Semantic Segmentation with Horvod, RayTune and Transformers

Potential Value and Creativity

Demonstration how to use RayTune for Gaudi for parallel hyper-parameter optimization
Demonstration of Horovod on Gaudi
Implementation of Vision Transforms based semantic segmentation on Gaudi
Demonstration of Gaudi cost benefits
Demonstration of usage of Habana model reference building blocks

Implement a semantic segmentation model in TensorFlow for DL1 which is powered by Gaudi (HPU) accelerators.
Use the vision transformer block as a backbone. Attention based transformers originated in the world of NLP, in the paper: Attention is All You Need. The use of tranformers for vision tasks was introduced in the paper An Image is Worth 16x16 Words: Transformes For Image Recognition at Scale.
Transformer models are large networks that can be difficult to train.
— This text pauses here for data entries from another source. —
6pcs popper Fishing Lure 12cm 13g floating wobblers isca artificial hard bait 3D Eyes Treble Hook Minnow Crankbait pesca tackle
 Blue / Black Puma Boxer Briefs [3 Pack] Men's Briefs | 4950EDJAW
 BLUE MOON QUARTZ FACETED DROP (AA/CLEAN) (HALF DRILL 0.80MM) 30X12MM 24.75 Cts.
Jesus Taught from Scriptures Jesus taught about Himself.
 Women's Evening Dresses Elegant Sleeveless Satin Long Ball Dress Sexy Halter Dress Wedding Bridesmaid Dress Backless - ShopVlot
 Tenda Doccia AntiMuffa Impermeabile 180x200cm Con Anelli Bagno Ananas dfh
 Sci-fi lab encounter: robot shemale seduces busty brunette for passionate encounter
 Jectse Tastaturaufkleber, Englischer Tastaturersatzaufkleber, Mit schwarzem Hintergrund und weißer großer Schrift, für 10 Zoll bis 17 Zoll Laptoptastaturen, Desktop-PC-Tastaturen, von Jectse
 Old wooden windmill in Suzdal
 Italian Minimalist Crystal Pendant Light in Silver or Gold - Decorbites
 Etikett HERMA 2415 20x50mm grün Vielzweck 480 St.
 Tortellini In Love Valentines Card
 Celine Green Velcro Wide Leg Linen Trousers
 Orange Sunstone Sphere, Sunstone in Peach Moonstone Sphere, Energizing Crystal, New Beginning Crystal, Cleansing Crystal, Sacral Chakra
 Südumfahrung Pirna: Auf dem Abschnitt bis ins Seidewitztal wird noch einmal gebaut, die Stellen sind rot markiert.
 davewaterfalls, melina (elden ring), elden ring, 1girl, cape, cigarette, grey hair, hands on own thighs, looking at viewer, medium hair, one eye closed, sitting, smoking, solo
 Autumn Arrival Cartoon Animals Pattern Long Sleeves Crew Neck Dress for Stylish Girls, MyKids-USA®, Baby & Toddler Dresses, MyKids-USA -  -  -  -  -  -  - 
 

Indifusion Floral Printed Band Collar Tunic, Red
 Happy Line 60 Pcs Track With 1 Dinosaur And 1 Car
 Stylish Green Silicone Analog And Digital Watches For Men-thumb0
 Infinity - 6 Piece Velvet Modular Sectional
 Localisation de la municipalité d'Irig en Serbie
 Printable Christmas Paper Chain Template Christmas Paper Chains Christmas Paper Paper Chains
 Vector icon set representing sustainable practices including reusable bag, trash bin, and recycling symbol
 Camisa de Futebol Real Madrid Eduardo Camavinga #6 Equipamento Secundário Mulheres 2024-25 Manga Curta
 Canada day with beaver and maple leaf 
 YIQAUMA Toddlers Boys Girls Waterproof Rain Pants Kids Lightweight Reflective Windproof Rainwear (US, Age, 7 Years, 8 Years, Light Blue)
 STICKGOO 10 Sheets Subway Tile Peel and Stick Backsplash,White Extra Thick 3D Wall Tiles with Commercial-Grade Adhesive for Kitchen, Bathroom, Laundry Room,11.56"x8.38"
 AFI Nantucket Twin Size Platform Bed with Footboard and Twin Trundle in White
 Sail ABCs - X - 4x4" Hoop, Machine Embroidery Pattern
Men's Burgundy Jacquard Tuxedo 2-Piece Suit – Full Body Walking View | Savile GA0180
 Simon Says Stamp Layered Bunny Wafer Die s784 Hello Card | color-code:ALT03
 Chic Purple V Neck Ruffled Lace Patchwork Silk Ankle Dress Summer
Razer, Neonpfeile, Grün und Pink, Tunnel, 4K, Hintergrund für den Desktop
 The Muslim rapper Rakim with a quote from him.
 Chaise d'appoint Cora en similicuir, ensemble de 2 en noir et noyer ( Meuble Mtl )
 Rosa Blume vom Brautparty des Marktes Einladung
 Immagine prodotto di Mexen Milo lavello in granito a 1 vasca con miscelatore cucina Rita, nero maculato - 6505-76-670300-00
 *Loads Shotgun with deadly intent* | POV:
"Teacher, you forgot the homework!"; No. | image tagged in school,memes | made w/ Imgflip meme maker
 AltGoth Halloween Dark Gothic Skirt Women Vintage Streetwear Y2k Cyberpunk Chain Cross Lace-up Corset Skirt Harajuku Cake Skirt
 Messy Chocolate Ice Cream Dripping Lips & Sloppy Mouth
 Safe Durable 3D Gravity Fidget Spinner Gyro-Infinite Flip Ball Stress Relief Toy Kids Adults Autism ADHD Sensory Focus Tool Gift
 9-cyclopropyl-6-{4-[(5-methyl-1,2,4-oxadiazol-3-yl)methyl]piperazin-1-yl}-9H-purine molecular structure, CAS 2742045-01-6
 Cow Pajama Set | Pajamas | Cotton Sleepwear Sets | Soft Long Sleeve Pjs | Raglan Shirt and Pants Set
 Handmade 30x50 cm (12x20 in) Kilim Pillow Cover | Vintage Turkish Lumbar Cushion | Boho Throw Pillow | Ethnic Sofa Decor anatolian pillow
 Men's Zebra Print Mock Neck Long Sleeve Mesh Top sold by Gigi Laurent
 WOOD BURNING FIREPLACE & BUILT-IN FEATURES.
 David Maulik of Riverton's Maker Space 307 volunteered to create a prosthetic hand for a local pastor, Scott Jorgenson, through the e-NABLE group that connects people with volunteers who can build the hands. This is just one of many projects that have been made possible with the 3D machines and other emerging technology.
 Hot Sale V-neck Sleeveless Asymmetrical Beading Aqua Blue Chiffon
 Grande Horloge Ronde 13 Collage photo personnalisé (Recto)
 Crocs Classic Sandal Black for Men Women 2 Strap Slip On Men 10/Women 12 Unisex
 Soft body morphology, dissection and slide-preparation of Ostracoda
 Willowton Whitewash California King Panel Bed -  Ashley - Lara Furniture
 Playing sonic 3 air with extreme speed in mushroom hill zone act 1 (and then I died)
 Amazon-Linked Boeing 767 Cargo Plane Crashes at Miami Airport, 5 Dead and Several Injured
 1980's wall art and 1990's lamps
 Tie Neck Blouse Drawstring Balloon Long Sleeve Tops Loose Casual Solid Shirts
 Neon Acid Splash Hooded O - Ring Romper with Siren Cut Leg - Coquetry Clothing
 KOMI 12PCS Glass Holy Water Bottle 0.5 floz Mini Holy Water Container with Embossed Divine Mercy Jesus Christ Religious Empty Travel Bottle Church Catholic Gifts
To address this it is common to employ methods of transfer learning to accelerate convergence. For example, you can take weights that were trained for object classification and reuse them as pretrained weights in a semantic segmentation model. Here I use weights from a transfomer based imagenet classificaton model.
Demonstrate the steps for building/porting a model for Gaudi.
Demonstrate parallelized hyperparameter tuning on Gaudi processors using RayTune. RayTune is a popular framework for hyperparameter tuning. While it does not officially support HPU accelerators, it can be adapted to run on Gaudi as I demonstrate. By using parallel hyperparameter tuning one can discover the best combination of parameters for training.
Demonstrate distributed training on Gaudi processors using the Habana Horovod framework.
Compare price performance of training Segmentor model on dl1 (Habana Gaudi) instance compared to p4 (NVidia A100)